Although the report had yet to be published, despite being started back in 2014, portions had been leaked to the press, with threats of more to come.
Morgan, Conservative Party MP for Loughborough, appointed Andrew Green QC to compare the FCA's unreleased report against the underlying report.
The letter stated that if Green felt the summary did not reflect the underlying report in a "fair or meaningful" manner, if he thought the summary had "meaningful omissions" or if the FCA point-blank denied him access to the documentation then "the committee may use its formal powers to require the FCA to produce the report."
She said, select committees were entitled to "send for persons, papers and records", and had the power to slap sanctions on non-compliant bodies.
"In any case, the long-awaited summary should be published as soon as possible," Morgan added. "The committee's review is not a reason for further delays."

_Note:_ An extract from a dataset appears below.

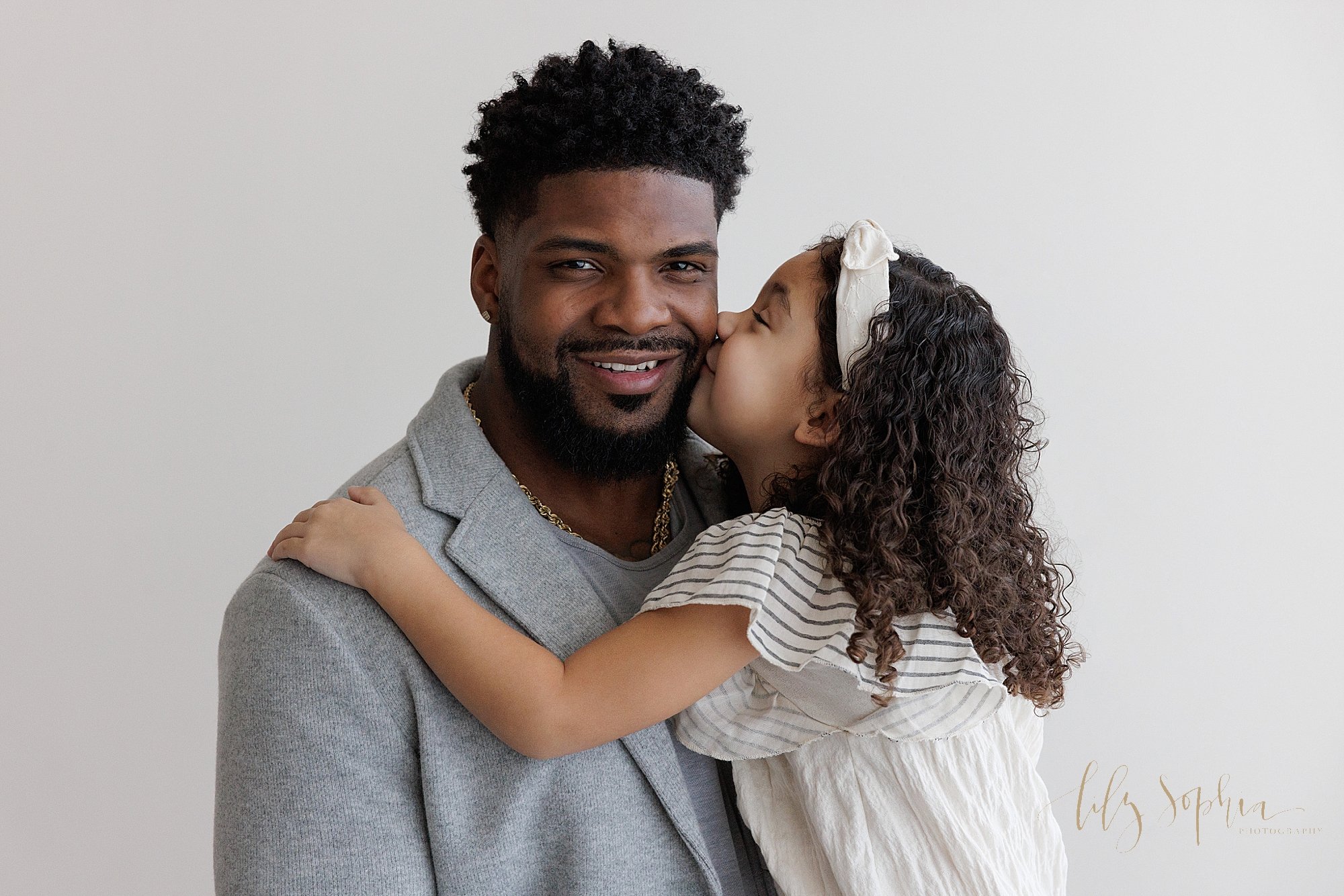  Family photo session with an African-American father as he is kissed on the cheek by his young daughter taken in a photography studio near Poncey Highlands in Atlanta that uses natural light.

Commenting on the matter, an FCA spokesperson said, "The FCA has committed to publishing a detailed summary of the GRG report. To provide assurance on the summary we previously asked an independent external counsel to confirm that it is a fair and balanced account of the full report's findings."
However, a spokesman for the RBS-GRG Action Group, which represented more than 500 companies, said it would accept "nothing less than publication of the full report."

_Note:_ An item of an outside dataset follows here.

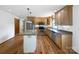 Well-lit kitchen with wooden cabinets, stainless steel appliances, granite countertops and a kitchen island at 132 Windy Hill Rd, Statesville, NC 28625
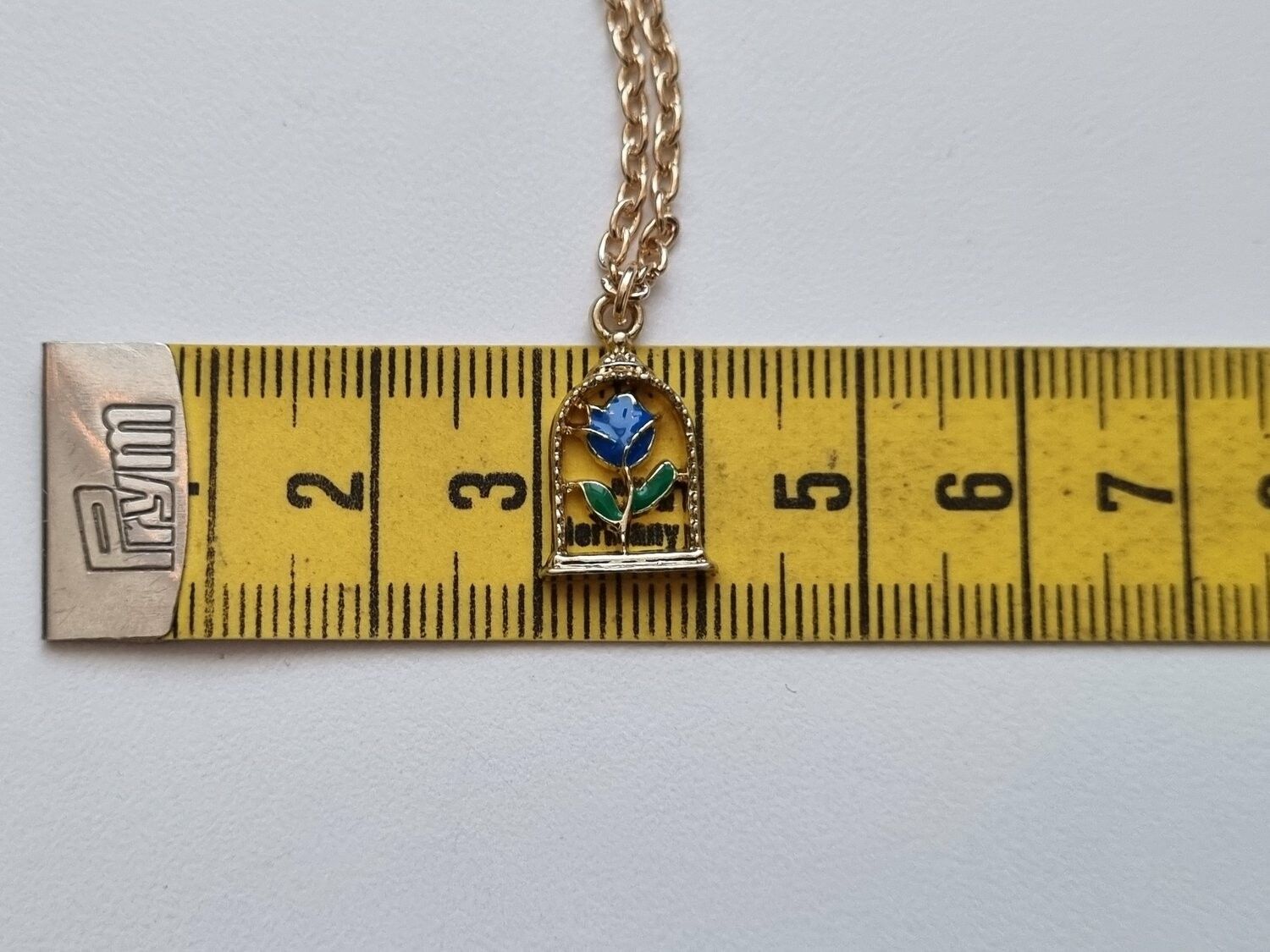 Halsband med blå ros i bur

"When this report was commissioned, everyone expected it to be published. The FCA itself said it intended to publish. The only reason the FCA doesn’t want to publish now is because it doesn't like the report's contents," he said.

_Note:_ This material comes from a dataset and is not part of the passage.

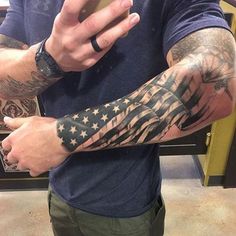 a man with an american flag tattoo on his arm and arms is holding a cell phone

"Let's be clear about the public interest. The activities of RBS's Global Restructuring Group and its rogue bankers did immense harm to the British economy. Even RBS itself has admitted that serious mistakes were made," he continued. "A precis of this report, with all the telling detail taken out, is not good enough for the thousands of people who livelihoods, jobs and businesses were destroyed by RBS."
As of 1030 BST, RBS shares were down 0.69% to 272.30p.